> **Problem description**:
Without any images, write the data out exactly as it appears.

*** Begin section ***

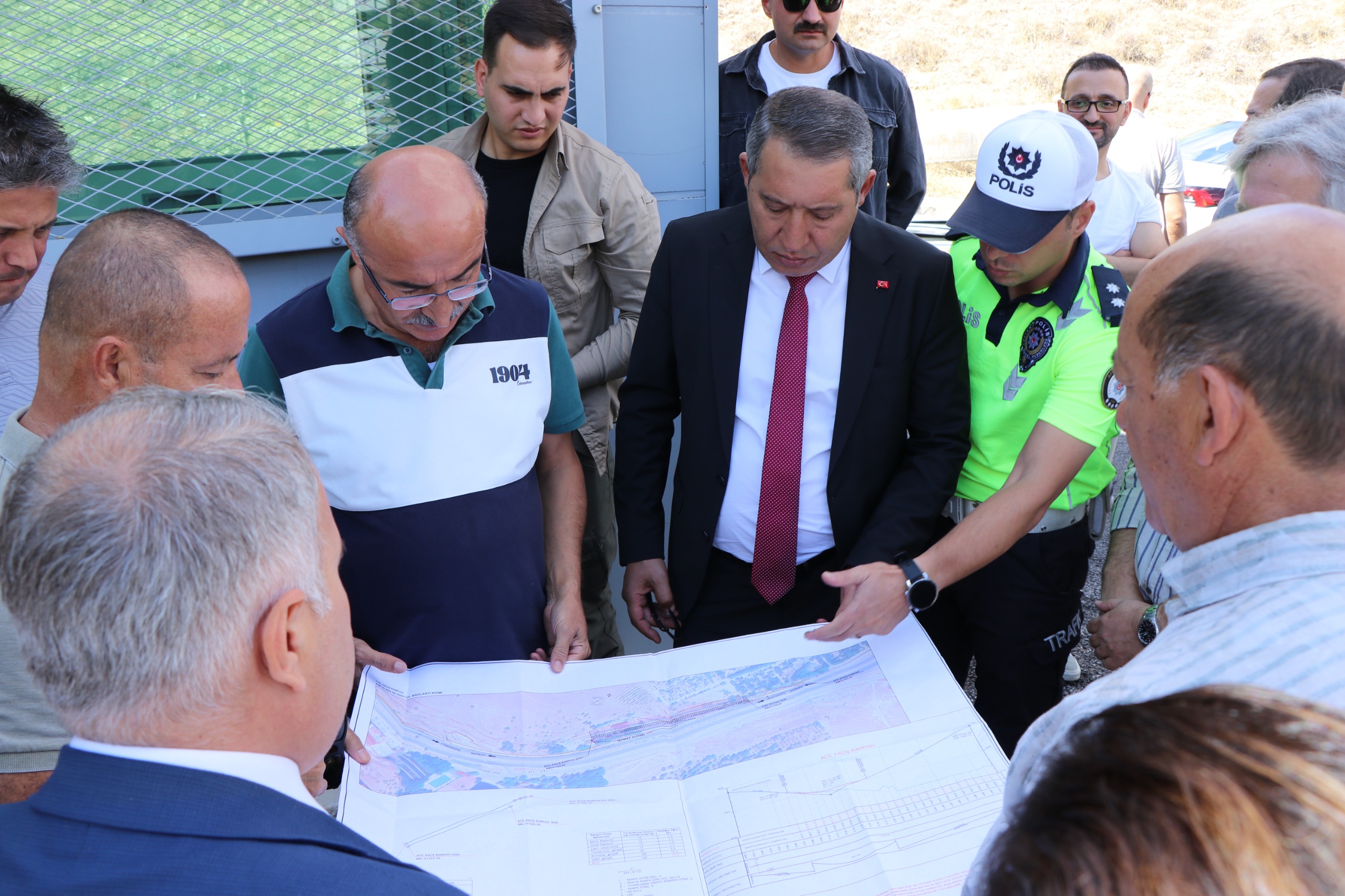 Dinar’da Trafik Sorunlarıyla İlgili Önemli Bir Toplantı Gerçekleştirildi 4 81f88a3b 83ec 427f 9539 027df4f23869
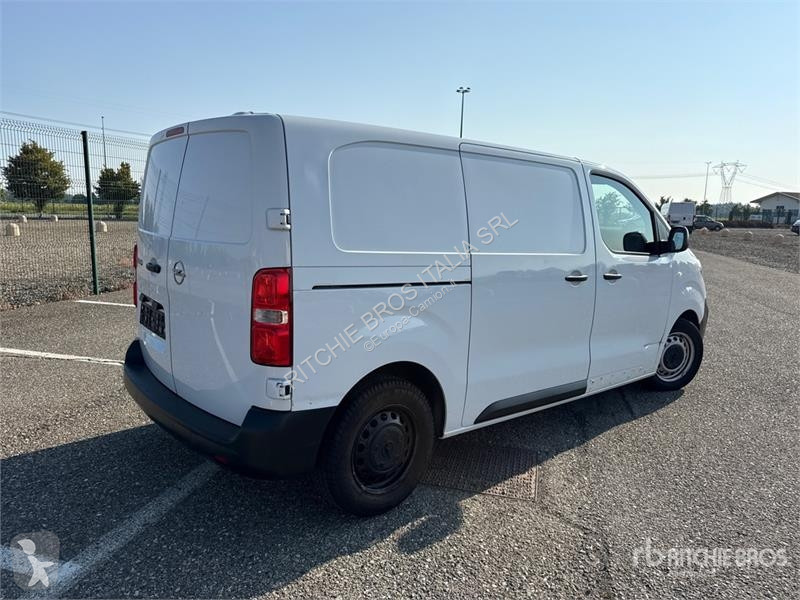 Camión Opel Vivaro 1.5 75 KW KA L2H1 Selection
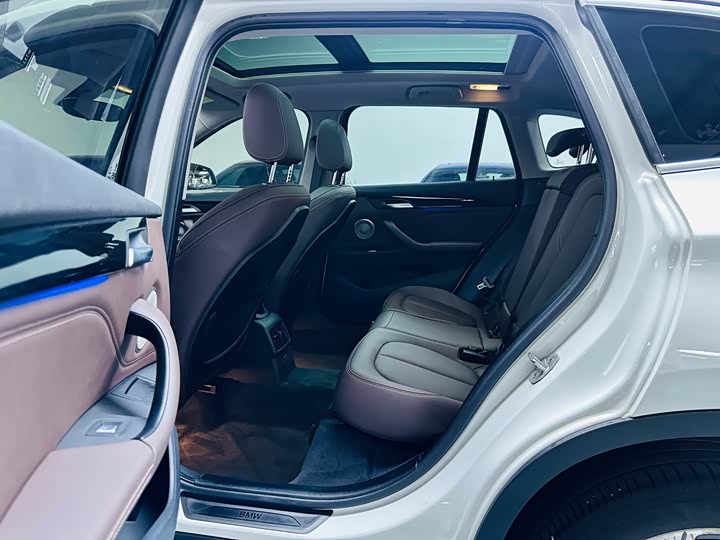 BMW X1, 2021 — фото 9 из 9
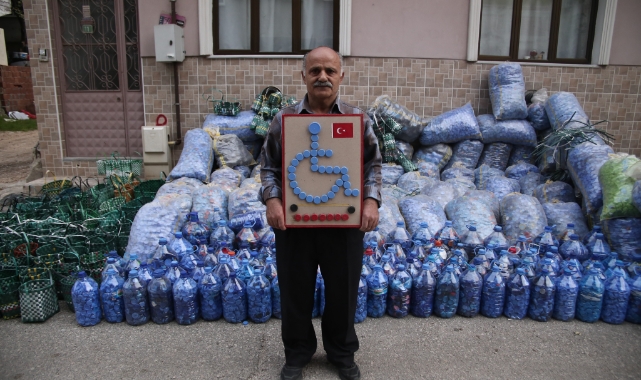 Bursa’da topladığı 1 ton kapakla engelliler için tekerlekli sandalye aldı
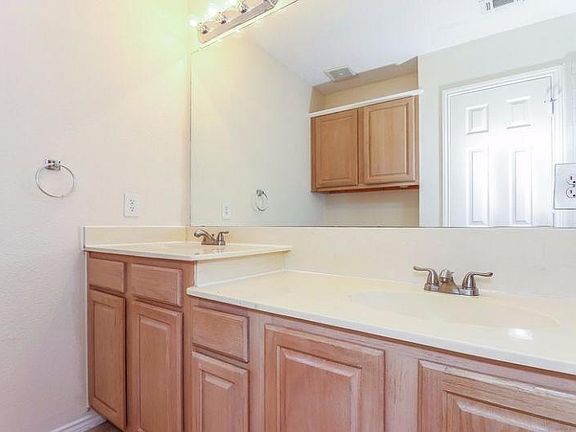 4th image of 512 Timber Way Dr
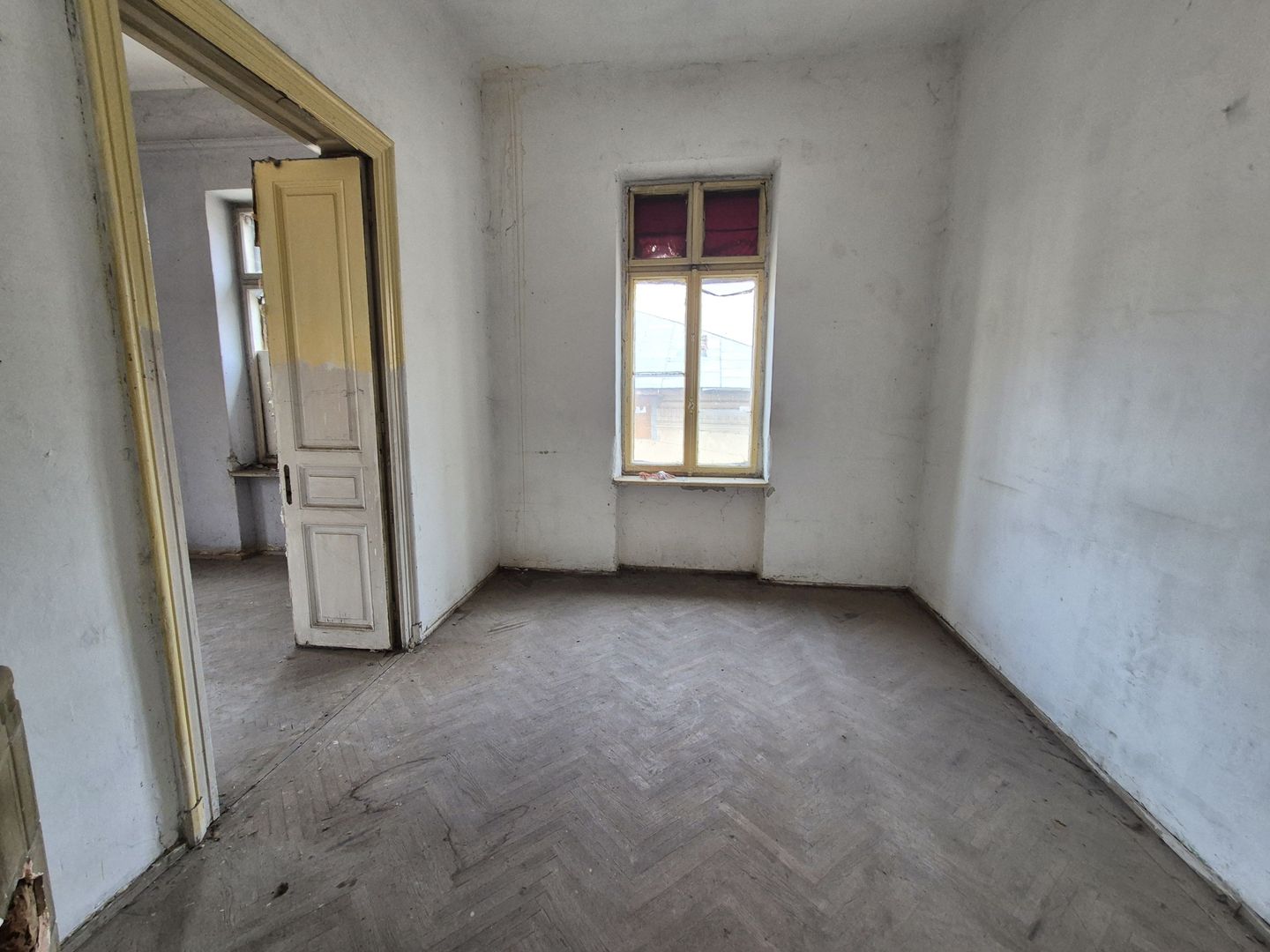Apartament cu 4 camere 151,40 mp - Unirii - Poză 3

*** End section ***

> **Finished exercise**:
 Dinar’da Trafik Sorunlarıyla İlgili Önemli Bir Toplantı Gerçekleştirildi 4 81f88a3b 83ec 427f 9539 027df4f23869
 Camión Opel Vivaro 1.5 75 KW KA L2H1 Selection
 BMW X1, 2021 — фото 9 из 9
 Bursa’da topladığı 1 ton kapakla engelliler için tekerlekli sandalye aldı
 4th image of 512 Timber Way Dr
Apartament cu 4 camere 151,40 mp - Unirii - Poză 3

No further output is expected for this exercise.